Macht mal weiter so!
Vielleicht wollen einige hier wirklich mal sich richtig an "einander aufreiben"?
Für die alten Woogefans bringt das alles ein "negatives Feedback" mit sich und dann noch so kurz vor dem Weihnachtsfest.
Ich jedenfalls habe für mich ein neues Ziel entdeckt und werde Wooge, erst einmal bis auf weiteres, nur noch Tagesausflüge abstatten.
Da bietet jedenfalls mir z. Zt. die Ostsee wesentlich mehr!



Ein trauriger Mitleser

hansimglück
Das mit der Rechtsbeugung dürfte aber seeeehr weit hergeholt sein. In allgemeinen Wohngebieten sind Ladengeschäfte der lokalen Versorgung oder des täglichen Bedarfs, oder Handwerksbetriebe ohne besondere (Lärm-)Emmissionen (nicht störende)eher die Regel denn die Ausnahme. Gleiches gilt für eine auf die Versorgung des Wohngebietes ausgelegte Schankwirtschaft.
Selbst in reinen Wohngebieten werden derlei Gewerbe auf Antrag erlaubt.
Hier mal der Link zum entsprechenden Gesetz:
http://dejure.org/gesetze/BauNVO/4.html
Übrigens sind in allgemeinen Wohgebieten, im Gegensatz zu o.G. Handwerks- und Gewerbebetrieben Beherbergungsbetriebe grundsätzlich "ausnahmsweise zulässig". Und nun kann man darüber Streiten ob jemand der Gewerbsmässig in dem Bereich Wohnraum als Feriendomizil anbietet und bewirtschaftet damit einen nur Ausnahmsweise genehmigungsfähigen Beherbergungsbetrieb führt. Denn dieses dürfte in diesen Lagen auf der Insel eher die Regel denn eine Ausnahme sein.
Bevor man also hier mit Gesetzen um sich wirft sollte man diese einmal gelesen haben.
Kann der geneigte Leser irgendwo den Flächennutzungsplan einsehen?
Denn im "allgemeinen Wohngebiet" Dorfgroden fallen mir als Touri gleich mehrere Gewerbebetriebe ein, die teils sogar erheblich höheres Transport und Lärmaufkommen haben dürften als der kleine Gemischtwarenladen.

AltInsulaner
Interessanter Ansatz von "JanvanGolf" Rechtsbeugung durch den Gemeinderat. Ich wusste gar nicht, dass der Inselrat Wangerooge zur Judikative gehört und "Recht" spricht. Aber wir lernen ja gern dazu. Selbstverständlich kann der Rat eine Entscheidung treffen. Drei der genannten Parteivertreter wollten es schlichtweg nicht. Damit war das Schicksal des Bauhuus endgültig besiegelt und ein weiterer Inselbetrieb, betrieben von Insulanern, Geschichte.

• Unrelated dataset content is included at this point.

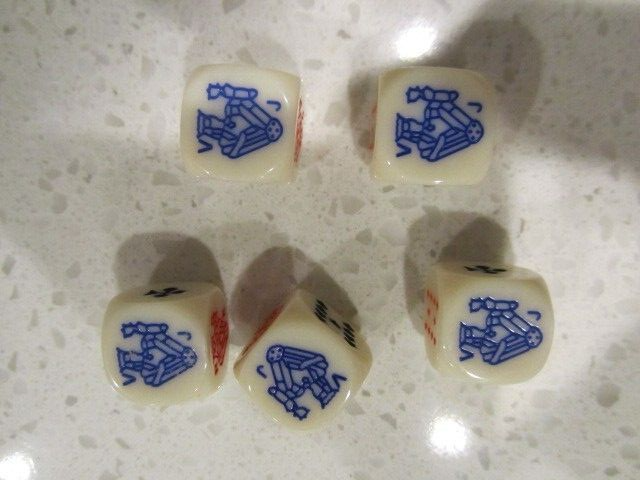 Poker Dice Alabaster Set of 5 Gaming Travel Game Dice +FREE Las Vegas Poker Chip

Vielleicht solltest Du Dich doch besser auf das Rasenmähen auf dem Golfplatz konzentrieren. Schuster und Milchmann sind wohl schon seit Jahrzehnten abgängig, sodass eine Umwidmung des Gebietes zwischenzeitlich eventuell vollzogen worden sein könnte. Der Masseur ist dort allerdings noch nicht so lange weg.

janvangolf
@altinsulaner: Was Du da von den Parteien im Rat forderst nennt man Rechtsbeugung. Die rechtlich Lage gibt die Ausübung eines Gewerbebetriebes wie dem eines "Lüttje Bauhus" in einem Allgemeinen Wohngebiet nicht her. Selbst wenn die angesprochenen Parteien für die Ausübung eines Betriebes gestimmt hätten, ein Gericht hätte (bei den 15 Unterschriften gegen die Ansiedlung des Betriebes in der Nachbarschaft hätte sich bestimmt auch ein Kläger gefunden) die Ausübung dieses Gewerbes in dem Allgemeinen Wohngebiet sofort untersagt! Früher gab es im Damenpfad glaube ich sogar einmal einen Milchladen, aber das war alles zu einer anderen Zeit, oder hatten dann vielleicht auch Bestandsschutz (Schusterwerkstatt)...

@Altinsulaner
Lieber Altinsulaner,
schauen Sie sich doch die Vertreter von CDU, SPD und Grünen an.
Alles Selbstdarsteller, Schaumschläger, Beamte und kleingeistige Tiefflieger,
die nur ihr Ego befriedigen.
Kompetenz und gar Bürgernähe Fehlanzeige. Was erwarten Sie also?

Karl-Heinz Kroniger
Vielen Dank für diese Meinung Herr Altinsulaner.

AltInsulaner
...und es gab im Damenpfad über viele Jahre einen Masseur. Das ist ja wohl auch ein Gewerbe. Da hat sich von den Anwohnern keiner aufgeregt. Was allerdings wirklich beschämend ist, ist die Tatsache, dass es außer dem Vertreter der der einzigen Inselpartei, den Vertretern der "großen" Parteien CDU,SPD und GRÜNE das Schicksal eines kleinen Insulanerbetriebs sch...egal war, denn sie haben sehr schnell gegen den Antrag gestimmt. Das legt eigentlich Zeugnis von deren Einstellung zu den Inselbewohnern ab und sollte bei der demnächst anstehenden Wahl von den Wählern auch berücksichtigt werden.

oberland
zum Bauhus im Damenpfad sollte man auchmal bedenken, dass dort mal eine Schusterwerkstatt war. Auch wenn das schon etwas länger her ist.

Klaus Büser
vor so viel sachverstand und geballter kompetenz, kann ich mich nur verneigen!
WÄRE ICH LEHRER,würde ich sagen,"antworten etwas simpel"
WÄRE ICH BEAMTER,würde ich sagen" irgendwann
wollt ihr mal was von mir, da freue ich mich dann über euer kleinlautes erscheinungsbild.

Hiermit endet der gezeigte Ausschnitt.